Glyphs can be used to consistently deconstruct, classify, and attribute large volumes of files permitting effective management of them. Deconstruction breaks files into their smallest visual elements, classification uses data visualization at the page level, and attribution selects specified glyphs or their text values from within classifications.
The word “glyph” has several meanings. In typography, it refers to a symbol that has an agreed meaning in a set of symbols used to represent the alphabet, numbers, or punctuation within a typeface. The essential idea is that for typographic purposes, glyphs are the lowest unit of information, the building blocks for other larger units such as words, sentences, paragraphs, etc. As used in visual file classification, a glyph is any graphical element apparent on the face of the document. It could be a letter, number, or punctuation, or it could be a staple hole, a logo, or a line separating two parts of a document.
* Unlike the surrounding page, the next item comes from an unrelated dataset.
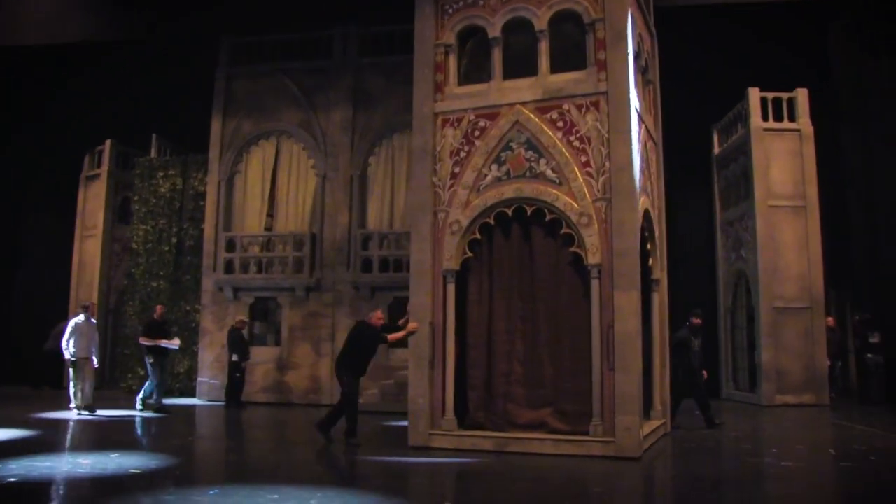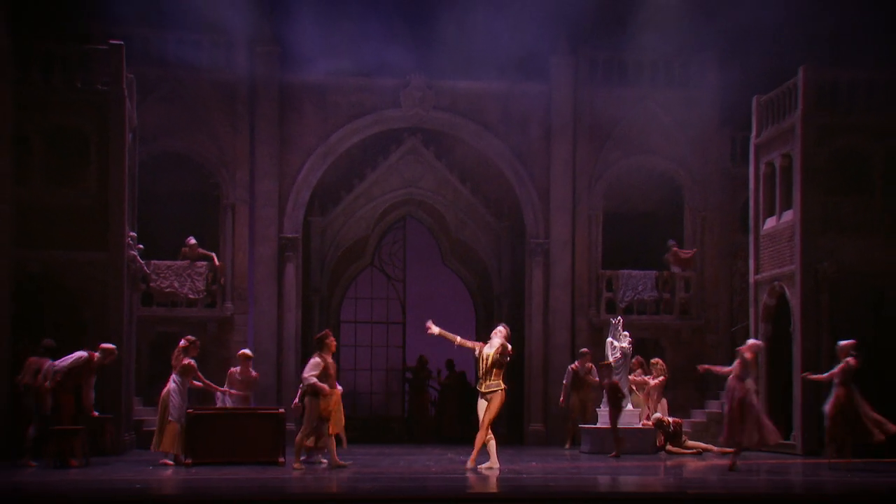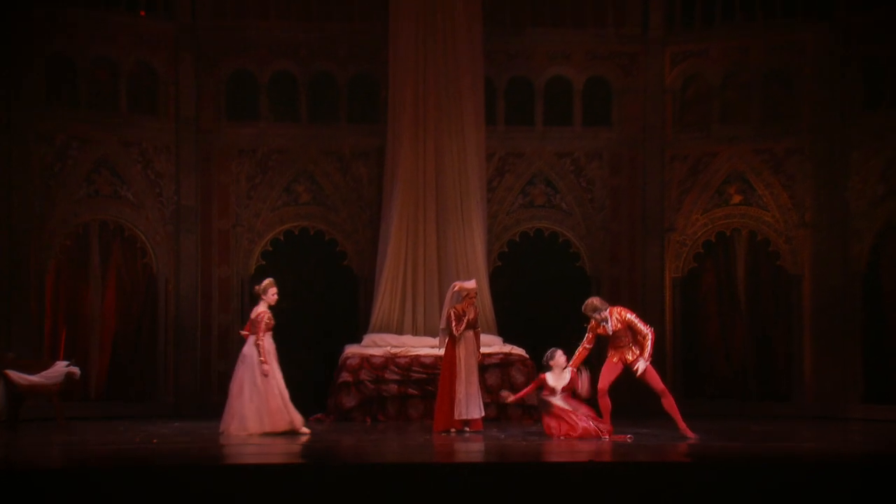Six of the towers each have four sides apiece, so you can rotate the towers and move them to different locations on stage to create a different world or a different feel based on what scene you're performing in the ballet.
Deconstructing a document means identifying and describing all the glyphs or graphical units on each page and cataloging the page coordinates where they occur. The initial cataloging does not involve determining if there is any text directly correlated to any glyph. Non-textual glyphs such as lines, boxes, logos, graphs, charts, maps, plats, illustrations, or signatures are included because they can help define and identify document types during classification, and managers may want to extract these non-textual attributes for special purposes during attribution, e.g., to compare signatures of the same person from different documents.
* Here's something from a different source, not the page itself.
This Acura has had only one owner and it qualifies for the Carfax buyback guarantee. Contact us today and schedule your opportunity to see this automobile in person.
By cataloging the shape and page coordinates of each individual glyph the system can analyze various aspects of the documents, as discussed next.
“Glyph” as used in data visualization refers to the graphical elements representing characteristics of objects in a visualization. “Glyph” also refers to the overall visualization.
In glyph-based classification, the system builds visual profiles of what each page looks like and clusters visually-similar files based on their profiles. This works whether the file was an original native file, a scanned document, or a fax, and it works with documents written in different languages.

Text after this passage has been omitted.